The study examined whether increases in the minimum wage led to increases in SNAP enrollment and expenditures.

Features of the Study

The authors used a fixed-effects regression model to examine the relationship between minimum wages and SNAP benefits. The authors used state-level data and considered both measures of annual SNAP expenditures per capita and the share of state residents receiving SNAP benefits in a given year. The authors controlled for relevant variables that can affect SNAP enrollment and benefits in each regression model, including education, age, population density, gross domestic product per capita, and poverty and unemployment rates. The study included 950 state-by-year–level observations from 1997 to 2015. The authors drew from various data sources for the primary findings, including Food and Nutrition Services data on the number of people who received SNAP benefits and SNAP expenditures per capita, and data from the Department of Labor on federal and state minimum wages. Data for control variables primarily came from U.S. census data. The authors also conducted a secondary analysis using Bureau of Economic Analysis data on the regional price index for 2008 through 2014 to adjust minimum wages based on differences in the purchasing power of the minimum wage across states and over time. 

Findings

  • The study found a statistically significant relationship between the unadjusted minimum wage and SNAP recipiency. The relationship was negative for minimum wages less than $7.28 per hour and positive for minimum wages greater than $7.28 per hour. Results were similar for analysis based on the adjusted minimum wage.  

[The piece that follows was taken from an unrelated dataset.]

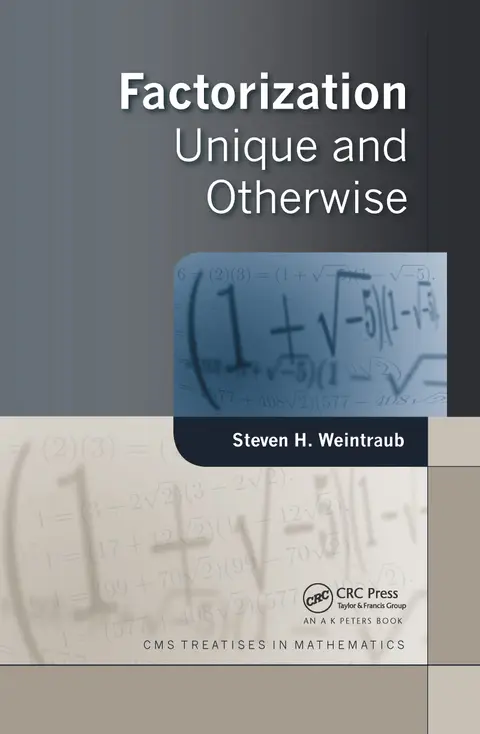 Cover of Factorization Unique & Otherwise (hb)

  • The study found a statistically significant relationship between the unadjusted minimum wage and SNAP expenditures per state. The relationship was negative for minimum wages less than $7.52 per hour and positive for minimum wages greater than $7.52 per hour. Results were similar for analysis based on the adjusted minimum wage. 

Causal Evidence Rating

The quality of causal evidence presented in this report is low because the authors did not ensure that the groups being compared were similar before the intervention. This means we are not confident that the estimated effects are attributable to an increase in minimum wage; other factors are likely to have contributed.